Information shown »
****

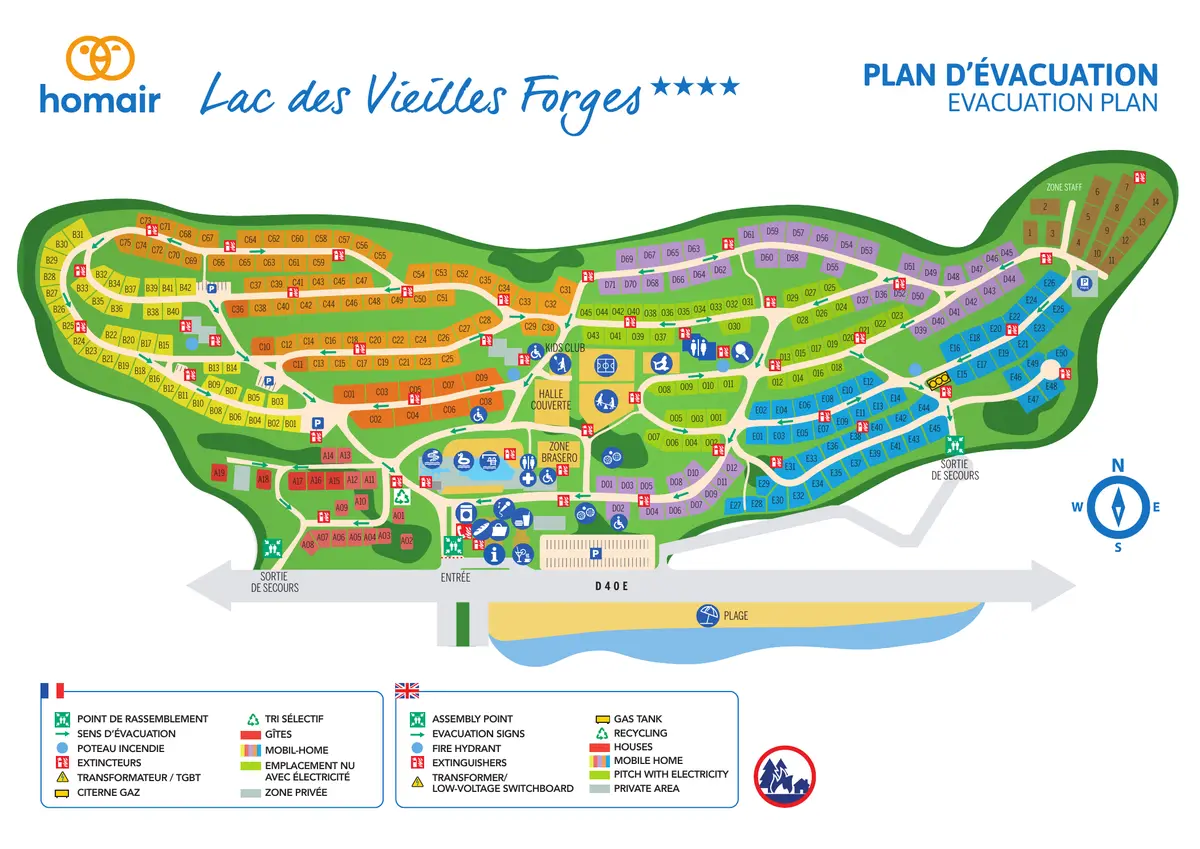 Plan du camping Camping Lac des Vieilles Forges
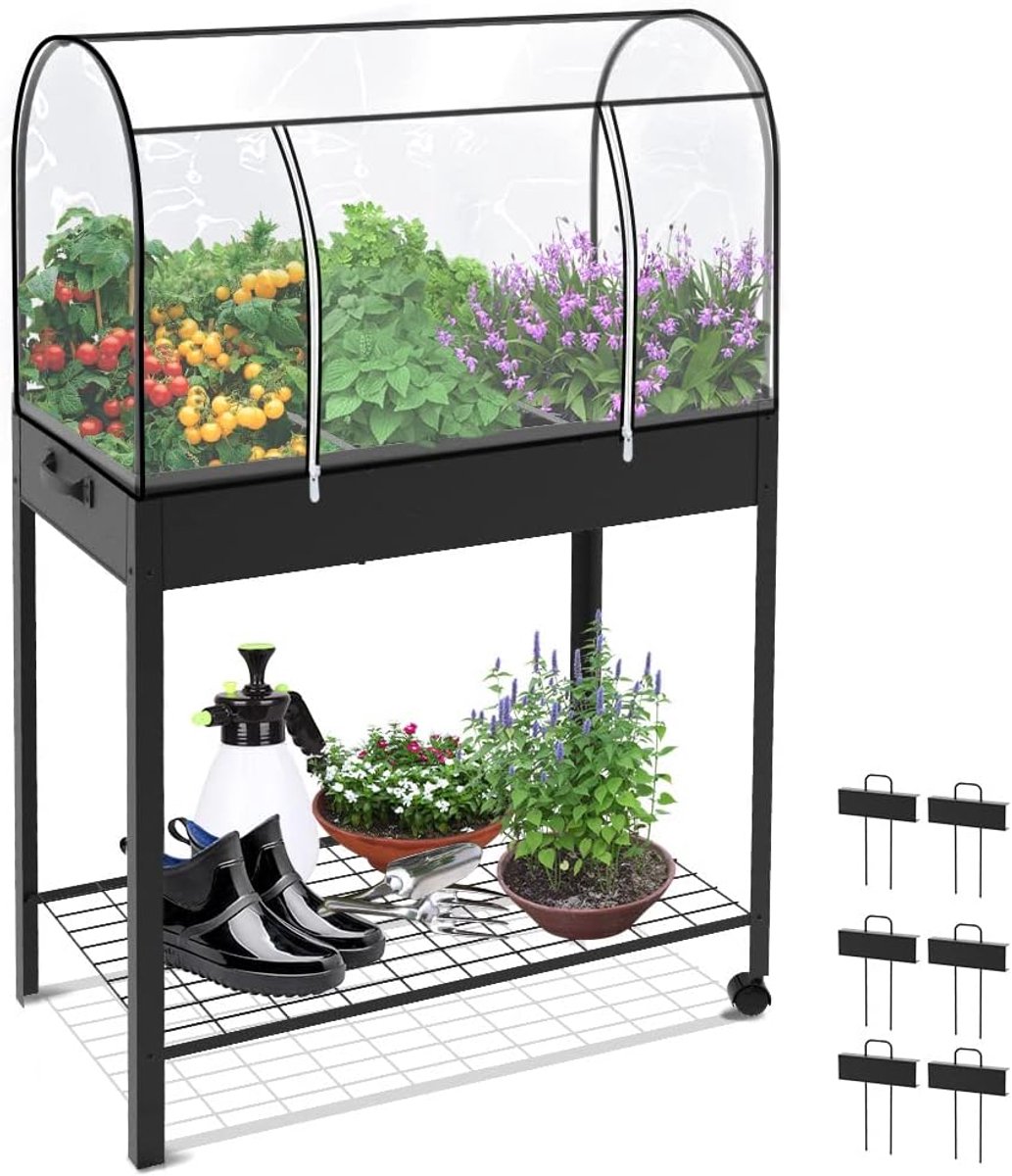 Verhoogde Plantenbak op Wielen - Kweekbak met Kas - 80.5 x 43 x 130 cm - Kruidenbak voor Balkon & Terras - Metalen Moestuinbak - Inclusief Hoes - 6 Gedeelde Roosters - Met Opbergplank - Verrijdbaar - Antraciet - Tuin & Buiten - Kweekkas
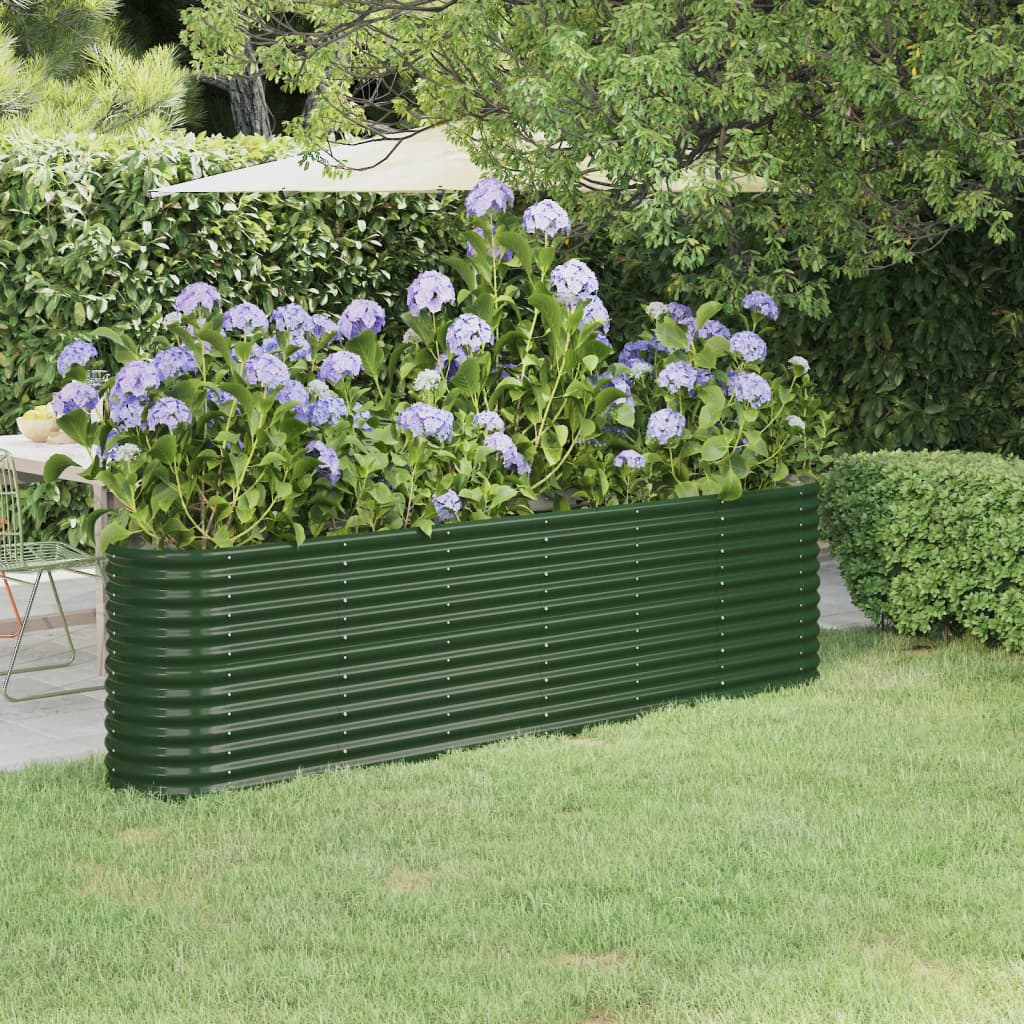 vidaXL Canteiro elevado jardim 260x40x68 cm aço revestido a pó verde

****

Exercise directions » Make an exact copy of the data above, pictures excluded.

Result »
 Plan du camping Camping Lac des Vieilles Forges
 Verhoogde Plantenbak op Wielen - Kweekbak met Kas - 80.5 x 43 x 130 cm - Kruidenbak voor Balkon & Terras - Metalen Moestuinbak - Inclusief Hoes - 6 Gedeelde Roosters - Met Opbergplank - Verrijdbaar - Antraciet - Tuin & Buiten - Kweekkas
 vidaXL Canteiro elevado jardim 260x40x68 cm aço revestido a pó verde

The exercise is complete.